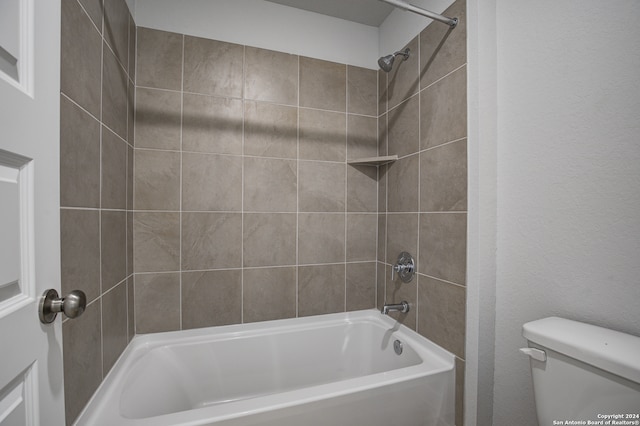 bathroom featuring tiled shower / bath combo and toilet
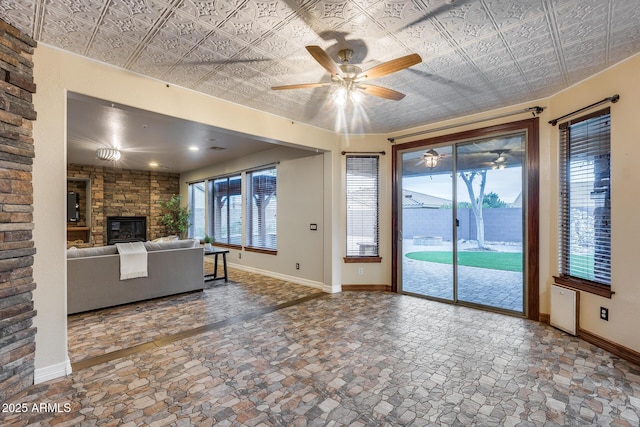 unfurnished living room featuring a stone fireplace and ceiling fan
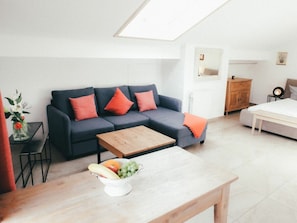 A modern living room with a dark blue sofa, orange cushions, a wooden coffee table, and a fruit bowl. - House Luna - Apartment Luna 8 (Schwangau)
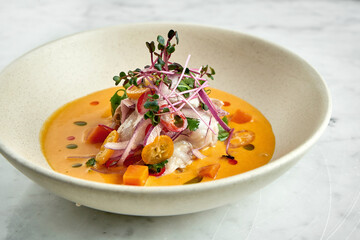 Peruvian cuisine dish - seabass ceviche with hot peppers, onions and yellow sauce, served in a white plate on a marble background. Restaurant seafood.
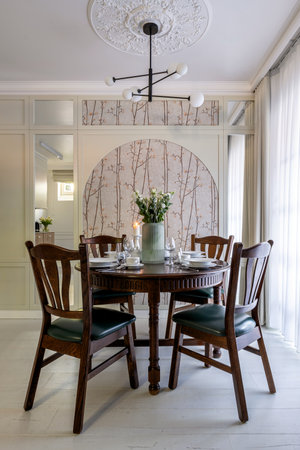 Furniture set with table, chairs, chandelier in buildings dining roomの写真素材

+ + + + +

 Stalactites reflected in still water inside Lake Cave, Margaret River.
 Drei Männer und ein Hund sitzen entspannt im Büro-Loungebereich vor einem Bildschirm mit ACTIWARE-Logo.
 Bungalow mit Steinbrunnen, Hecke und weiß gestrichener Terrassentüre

+ + + + +

■ ACTIVITY
Would you transcribe the lines above exactly, going from the line bearing "bathroom featuring tiled" through the line bearing "Furniture set with", and drop the pictures from the copy?

■ ANSWER TO THE PROBLEM
 bathroom featuring tiled shower / bath combo and toilet
 unfurnished living room featuring a stone fireplace and ceiling fan
 A modern living room with a dark blue sofa, orange cushions, a wooden coffee table, and a fruit bowl. - House Luna - Apartment Luna 8 (Schwangau)
 Peruvian cuisine dish - seabass ceviche with hot peppers, onions and yellow sauce, served in a white plate on a marble background. Restaurant seafood.
 Furniture set with table, chairs, chandelier in buildings dining roomの写真素材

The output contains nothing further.